A definitive guide to Rent Reporting legislation and the conversation of credit reform.
How Rent Reporting legislation is solving the Catch-22 of credit and tackling economic discrimination.
In this guide:
2. Why is rent considered Alternative Data?
3. Statistics: Affordable housing and credit
4. Solving for credit inequality: Alternative Credit Data
5. Solving for legislation: Renters, Landlords & Data Furnishers
6. Solving for inequality: How you can help yourself or others
7. Preparing for change: The future of credit inequality reform
1. Introduction
No country, system or individual has been able to avoid the consequential change caused by the COVID-19 pandemic. To speak to our country's credit system in 2021 and beyond, is to acknowledge the pandemic’s impact and the untenable weight placed on systemic inequality.

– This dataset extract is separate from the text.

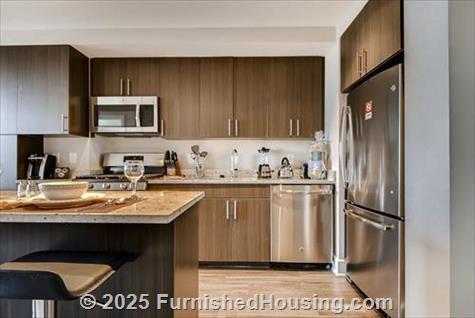 The Bartlett - Hi-Rise - 520 12th Street South, Arlington, VA  22202 - LG - 4765819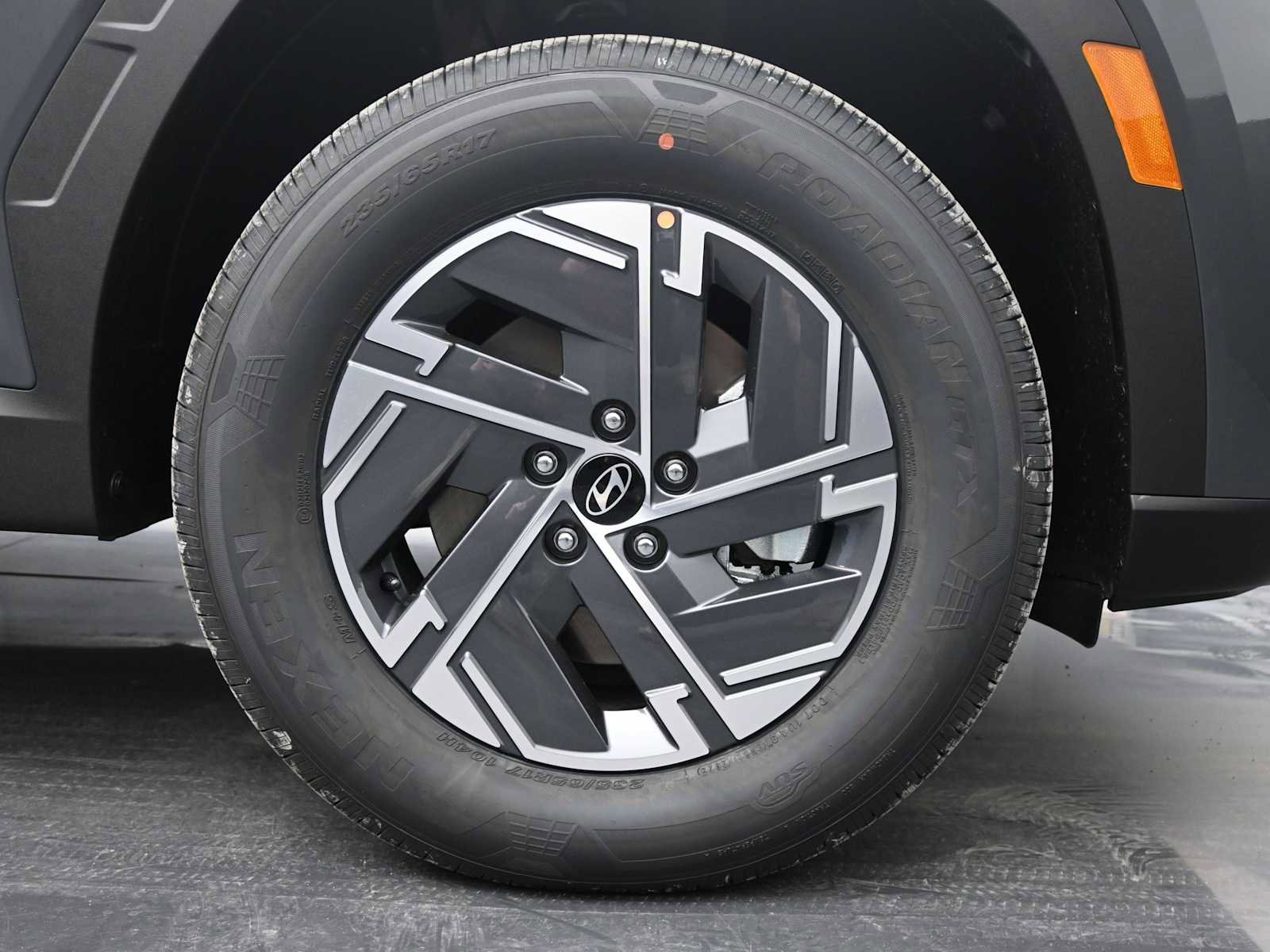 New 2026 Hyundai Tucson Blue SE image 10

The lending economy comprises organizations, institutions, and governments who embed bias.
The global pandemic has exposed and sadly fueled inequality across the globe, and the inordinate impact it has made has aggravated a difficult truth; those most marginalized are the least resilient to shocks.
To proponents of Alternative Credit Data, fair access to credit no longer means a nice car or better rates on a credit card, to the precariat, it means equitable access to predictability, security, and the make or break of material and psychological welfare.
For those living unsustainable, bits-and-pieces lives, removed from decision making, the denial of fair access to credit is the denial of security, opportunity, dependability and in its worst form, hope.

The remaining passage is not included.